Woodquay was one of the many sites for markets in Galway. What made it different was that many of the participants came down the river by boat to show and sell their wares. The main commercial traffic that came in by river was turf, wood and timber, all to be sold in the city, but the boats also carried frieze, linen, cloth, broad cloth, butter, corn, grain, honey, eggs and poultry. In earlier times, animals would also have been transported to the fairs in the city but the Anach Cuain disaster probably put paid to that kind of traffic. Woodquay was also the location for selling produce brought in by land from Menlo or the Headford Road.

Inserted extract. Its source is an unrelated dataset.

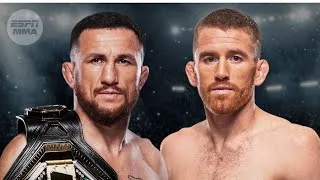 Thumbnail: Merab Dvalishvili vs Cory Sandhagen Full Fight UFC Fight Night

Goods for sale coming into the city had to pay a toll at various entrances (known as ‘gaps’ ). Toll booths were situated at Forster Street, Merchant’s Quay, Bohermore Gap, West Crane, Railway Gap, Newcastle Gap and Woodquay. The toll booth at Woodquay can be seen in front of the park to the far left of our first photograph. The tolls collected here for October 1903 amounted to £36 17s 9d, and for April 1904, £48 3s 10d. Long ago there was a charge of one farthing on each hide of ox, cow, horse or mare, fresh or tanned. A halfpenny was charged for every 100 skins of wolves, squirrels, wildcats or hares. The charge for a horse load of fish was a penny, and for a salmon, it was a farthing.

There was a small crane just out of picture to the left of the toll booth which was used for weighing potatoes. You can see some of the houses on Corrib Terrace in the background. The people we see in that image were selling scallops for thatching, ‘flexible sticks’ cut from hazel trees. These were very much in demand as so many houses in the city, including Woodquay were thatched. The man who is seated on the left was a basket maker who would weave creels, ciseáins, skibs and baskets of many shapes and sizes for sale to the public. Often, his customers would buy a basket to take home the produce they had bought at the market. This photograph was originally taken by Kevin Danaher c1935 and is shown courtesy of the Irish Folklore Commission.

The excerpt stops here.